I talked to a company last week who has been thinking about moving their data center. They have been talking with us for months about moving from another outsource data center into Lifeline. The company is an Internet Services Provider. All of their products are Internet-centric services. The company delivers Internet, web hosting, and applications to their clients.
The company was interested in Lifeline Data Centers for a few reasons. First, they could aggregate bandwidth from multiple carriers with no monthly cross-connect fees. This let them keep bandwidth costs low and maintain good margins. They also liked Lifeline’s data center power redundancy: Lifeline’s N+N power and HVAC configuration could support their needs for high uptime. One of the company’s owners liked the idea of Lifeline “always keeping an eye on the power.”

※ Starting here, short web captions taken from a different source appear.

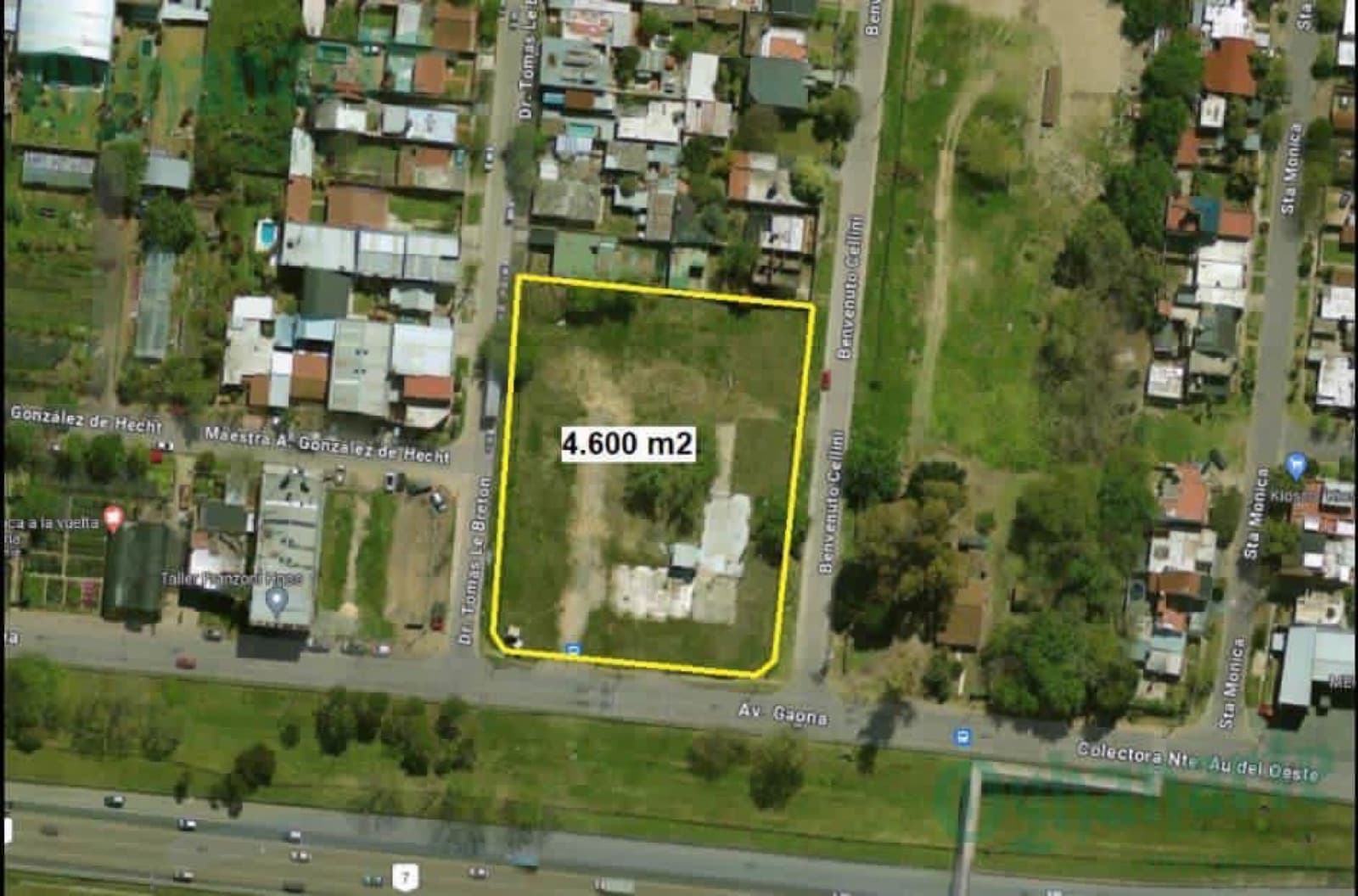 Commercial lot with a 50-meter frontage on Acceso Oeste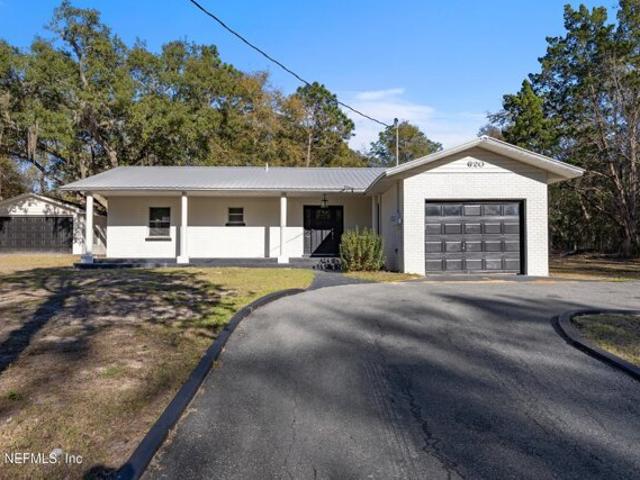 House for sale in Interlachen
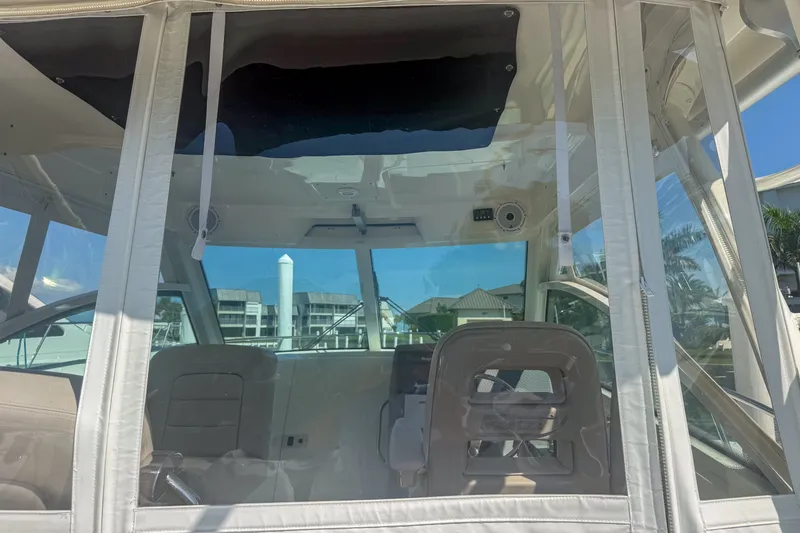 Slide: The Image of Boston Whaler 315 CONQUEST 2016 - 6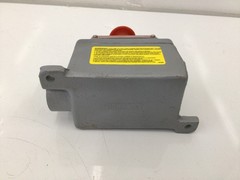 APPLETON ELECTRIC EFDB110-UM1 1 Gang, Head Push Button Emergency Stop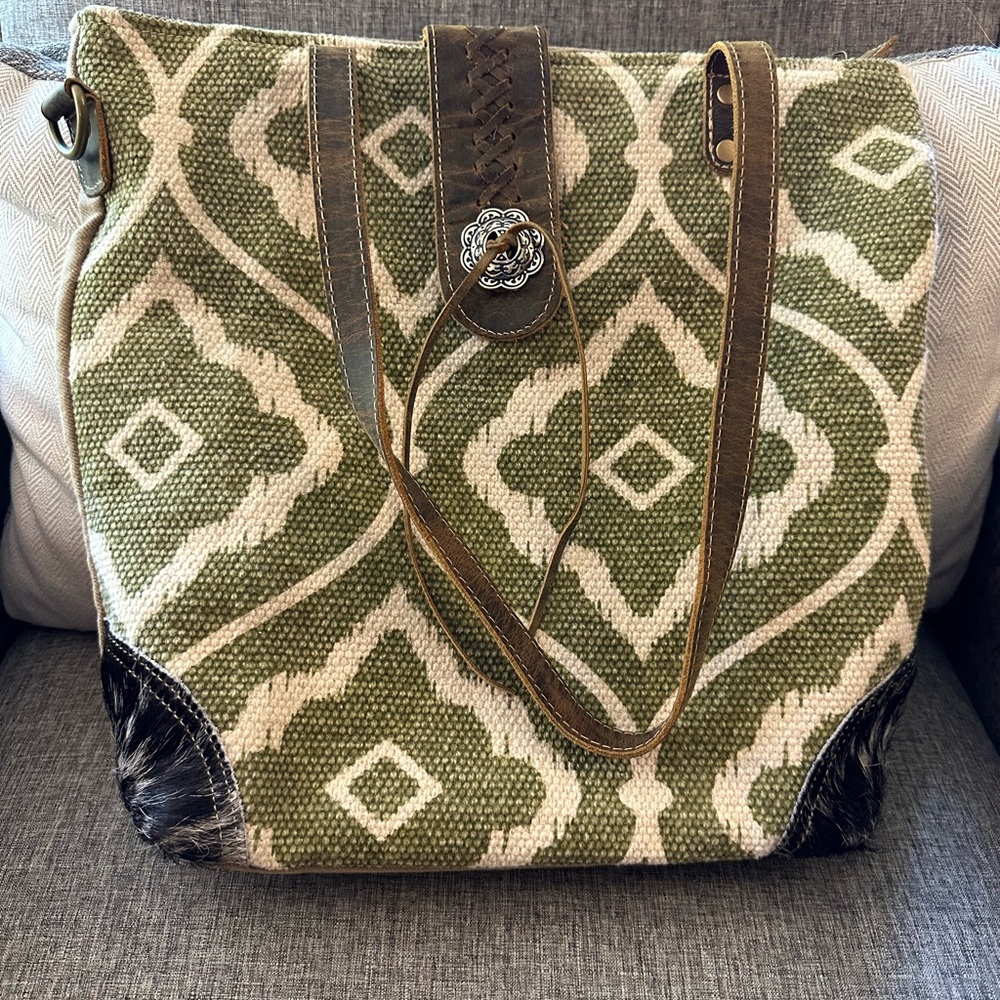 Myra Tote w Detachable Crossbody Strap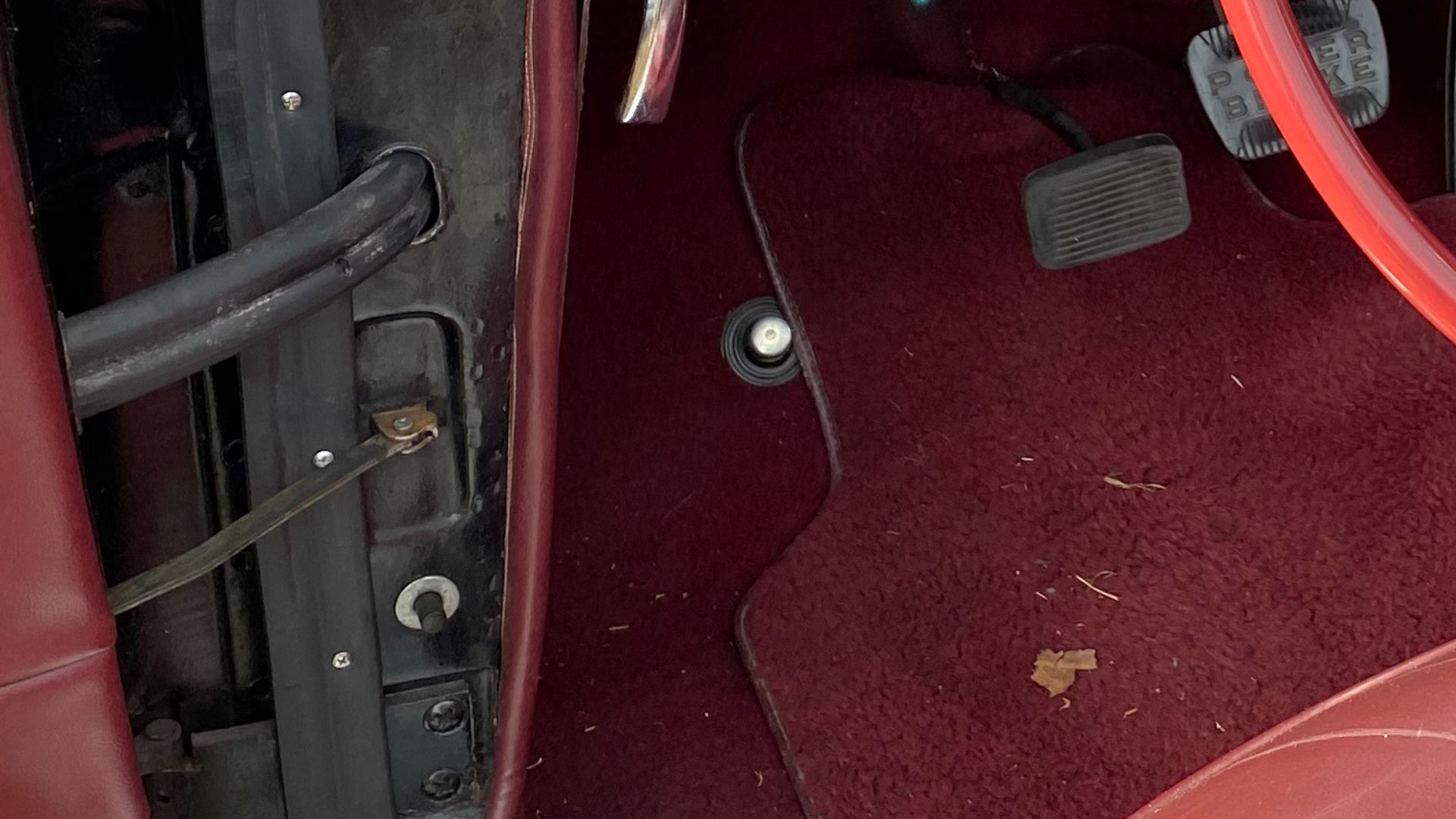 Driver's cockpit in a 1954 Hudson Hornet convertible. Last year of the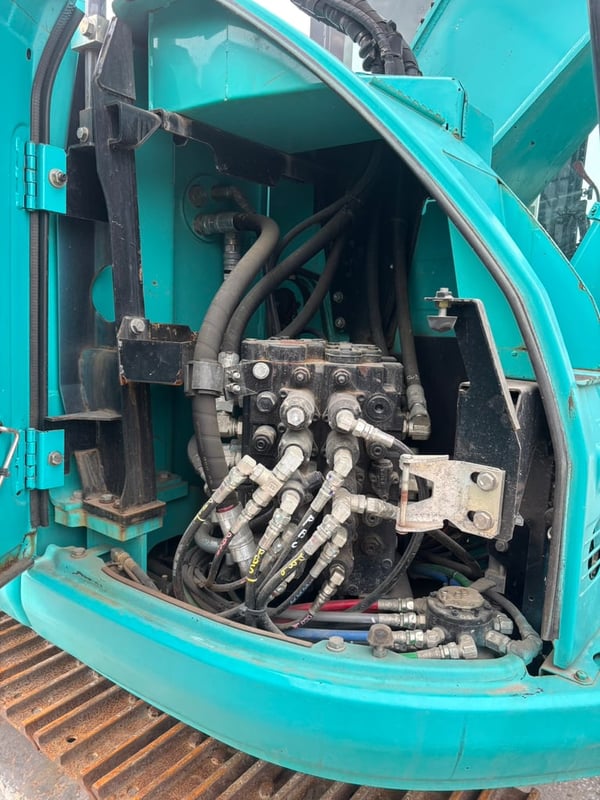 KOBELCO รุ่นSK135SR-3 KOBELCO รุ่นSK135SR-3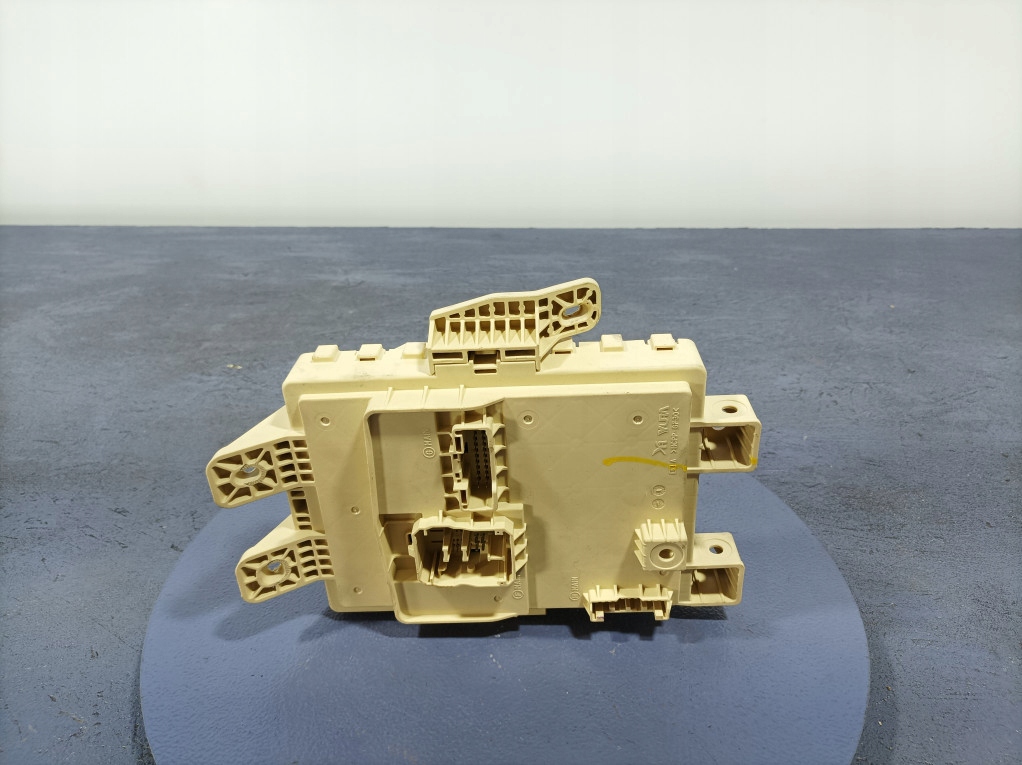 HYUNDAI TUCSON IV SKRZYNKA BEZPIECZNIKÓW 91950-N7070 Numer katalogowy części 91950-N7070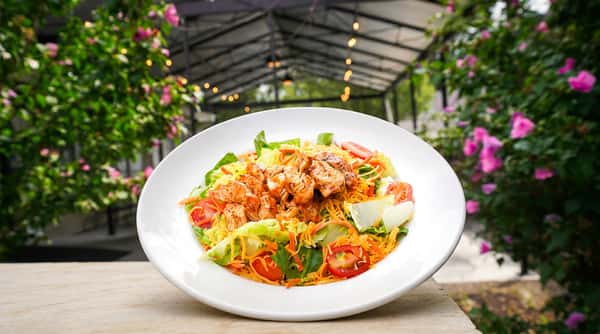 Buffalo or Sweet & Sour Chicken Salad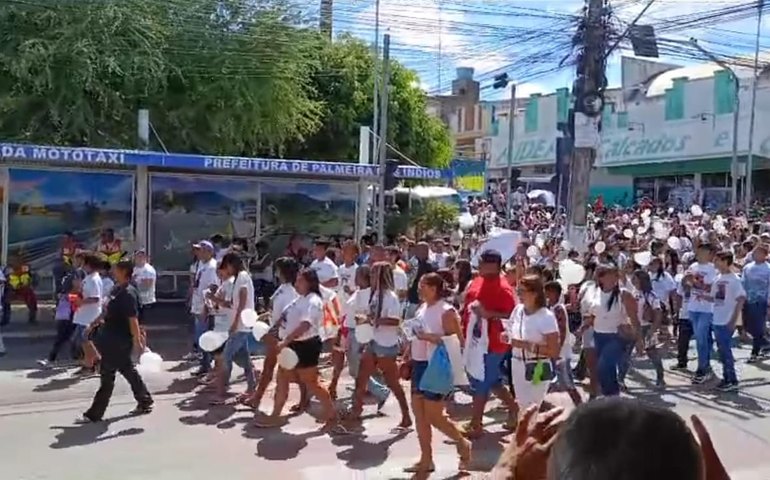 Passeata em Palmeira dos Índios pede justiça por Gabriel Lincoln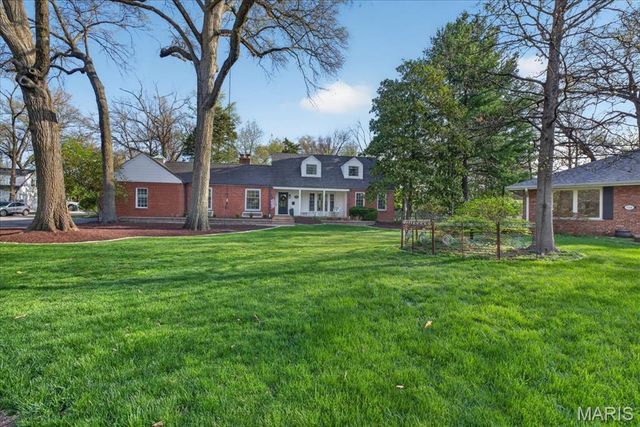 326 Luther Lane, Glendale, MO 63122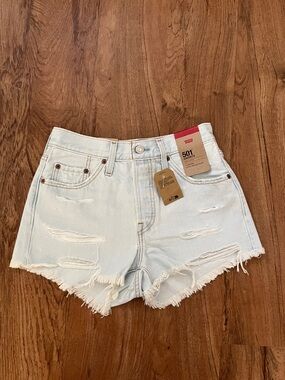 NWT Levi’s 501 Denim Shorts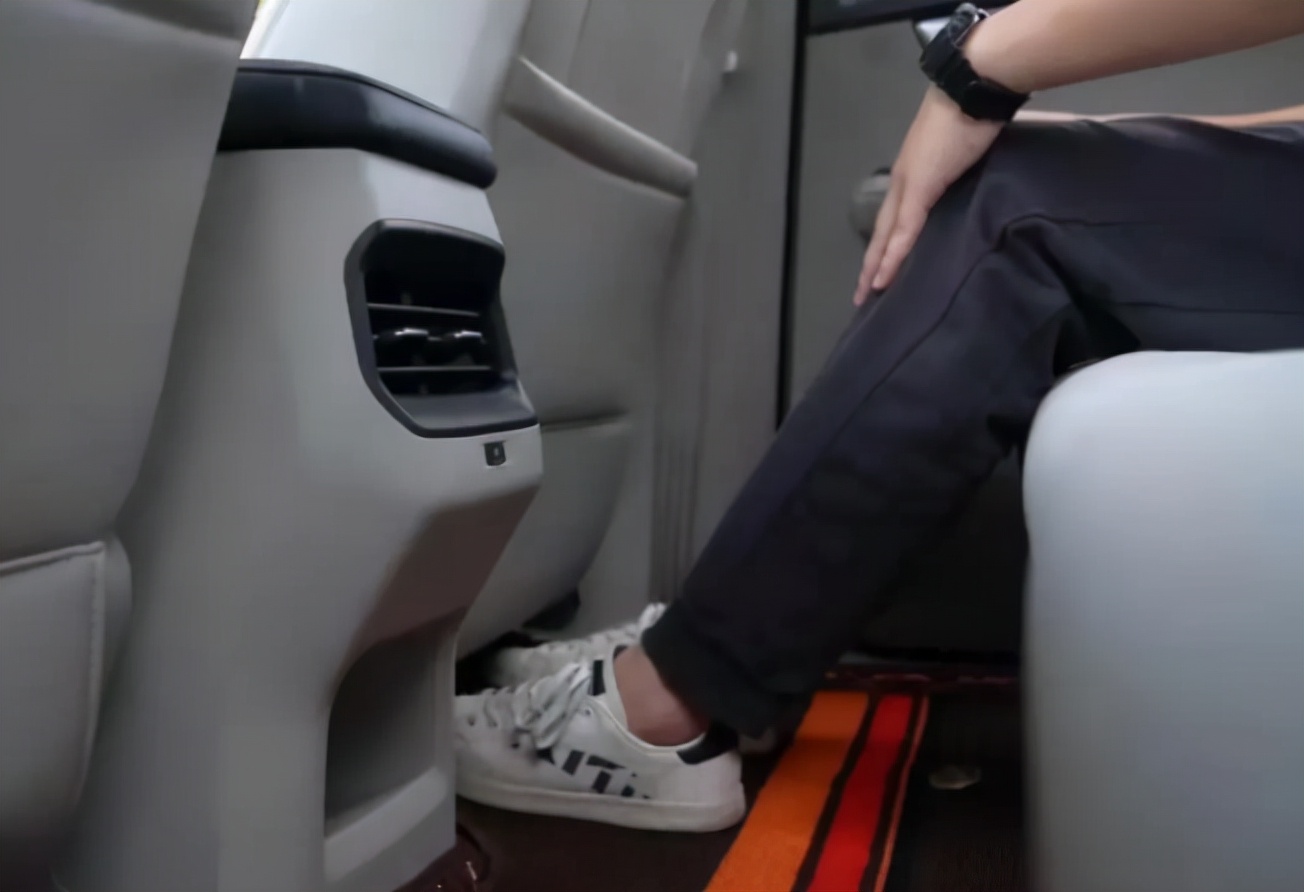 五菱星辰的车机系统如何使用,五菱星辰车机互联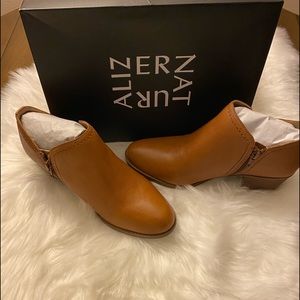 Naturalizer Ankle Boots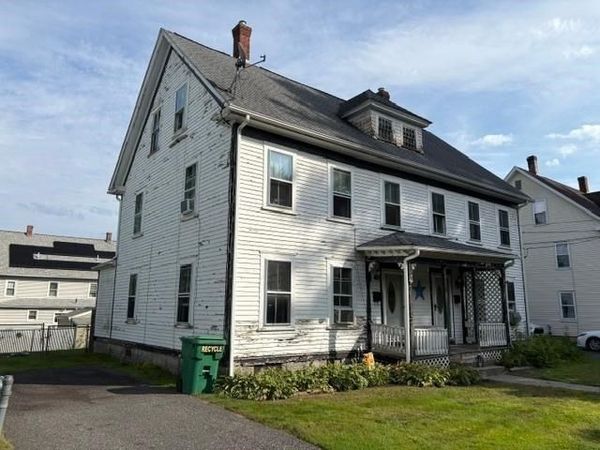 9-11 English Row, Grafton, MA 01560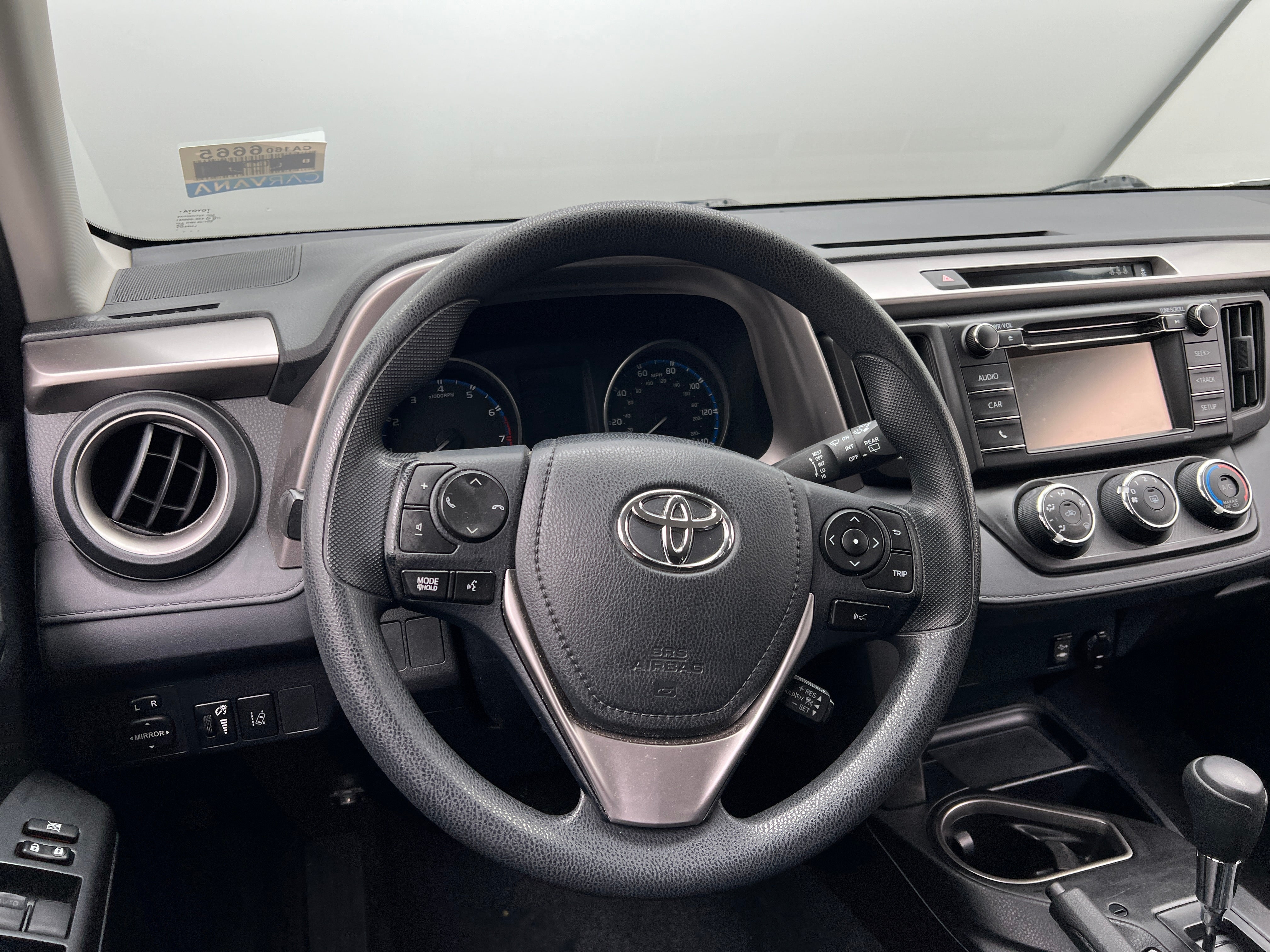 2018 Toyota RAV4 LE 5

Last week, I spoke to them again. Some parts of their business are in decline, and other parts are growing. To cut costs, they are moving all their equipment out of the old outsource data center and into their new office building.
Are they really cutting costs?
What would a prolonged power outage cost this company ? ALL of the services they deliver rely on power, Internet services and application availability. Will their customers stay customers if a backhoe digs up the power line in front of the new office building and knocks out power for 8 hours? Or will the clients look elsewhere at the hundreds of vendors offering the same services for lower prices?
What is the company’s cost of losing a deal to a competitive Internet Services Provider? Will the competition win the deal because they have data center compliance, certifications, F5 tornado resistant data center buildings, and more telecom choices?
Who’s keeping an eye on your power? Who’s making sure that your computer room reliability is better than your competition? Who’s helping you take care of your clients?